• WORK TO COMPLETE: All lines from the one containing "茄子外面吃起来有点酥酥的口感。" through the end of the data below are to be repeated exactly, with pictures left out.

• SOURCE MATERIAL:
+++
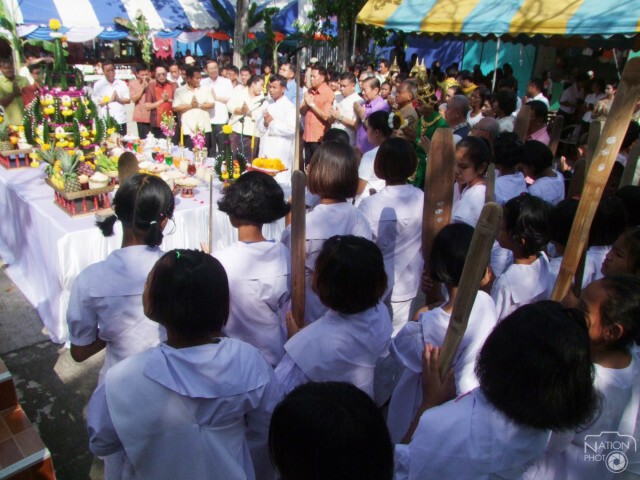 สภาวัฒนธรรมนำน้ำตาลมงคลให้ปรุงข้าวทิพย์ ในวันออกพรรษา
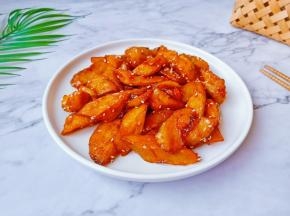 茄子外面吃起来有点酥酥的口感。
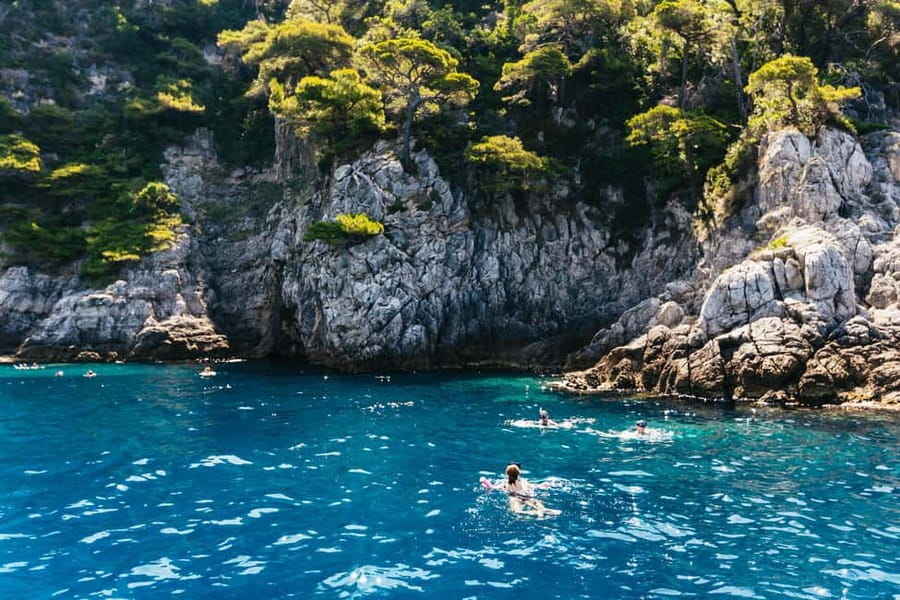 Dubrovnik: Blue Cave and Elafit Small Group Boat Exploration - Meeting at Lapadska Obala 4 and getting to the pier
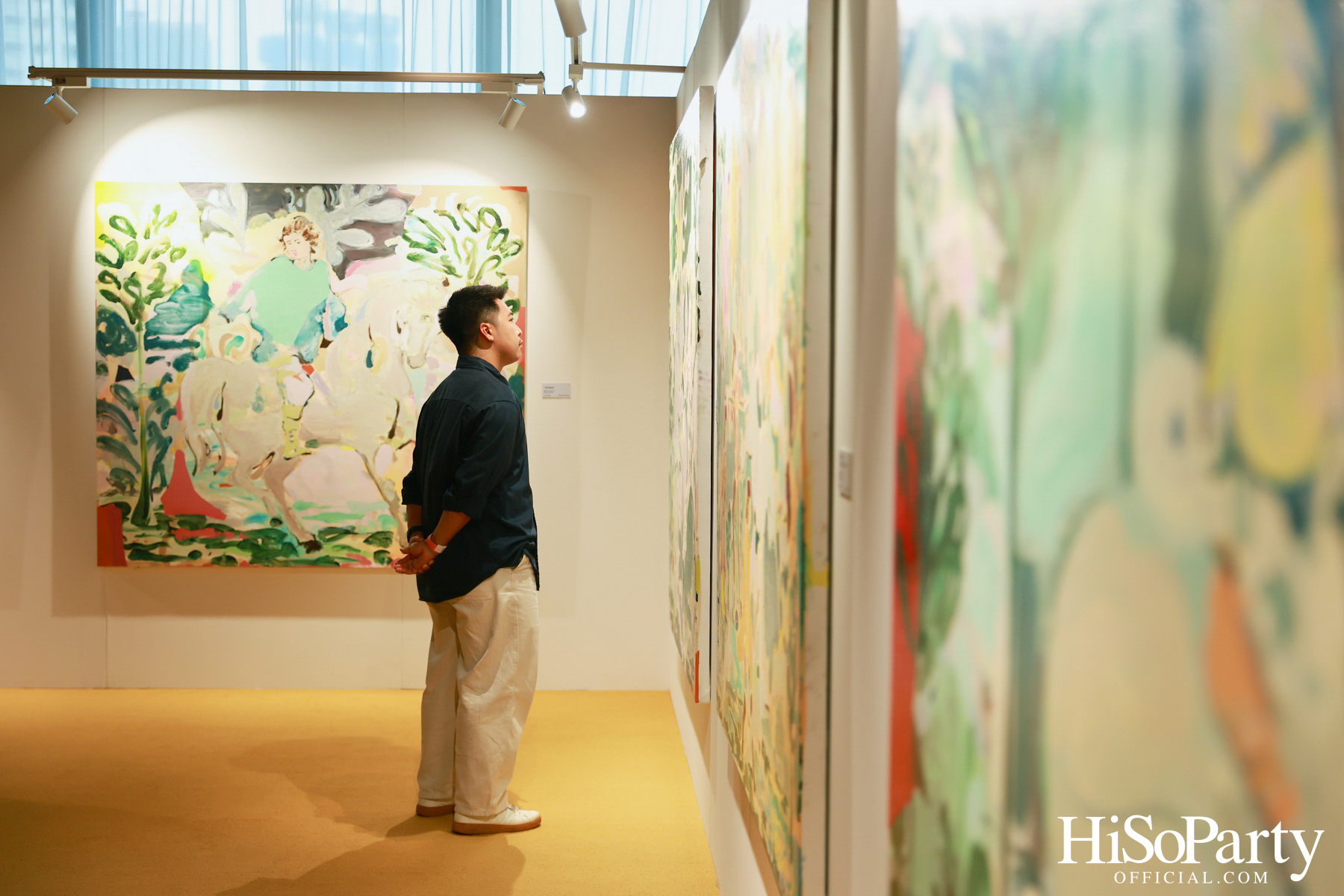 ครั้งแรกในไทยกับนิทรรศการ Over the Top โดย Tomo Campbell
+++
• ANSWER FOR THIS EXERCISE:
 茄子外面吃起来有点酥酥的口感。
 Dubrovnik: Blue Cave and Elafit Small Group Boat Exploration - Meeting at Lapadska Obala 4 and getting to the pier
 ครั้งแรกในไทยกับนิทรรศการ Over the Top โดย Tomo Campbell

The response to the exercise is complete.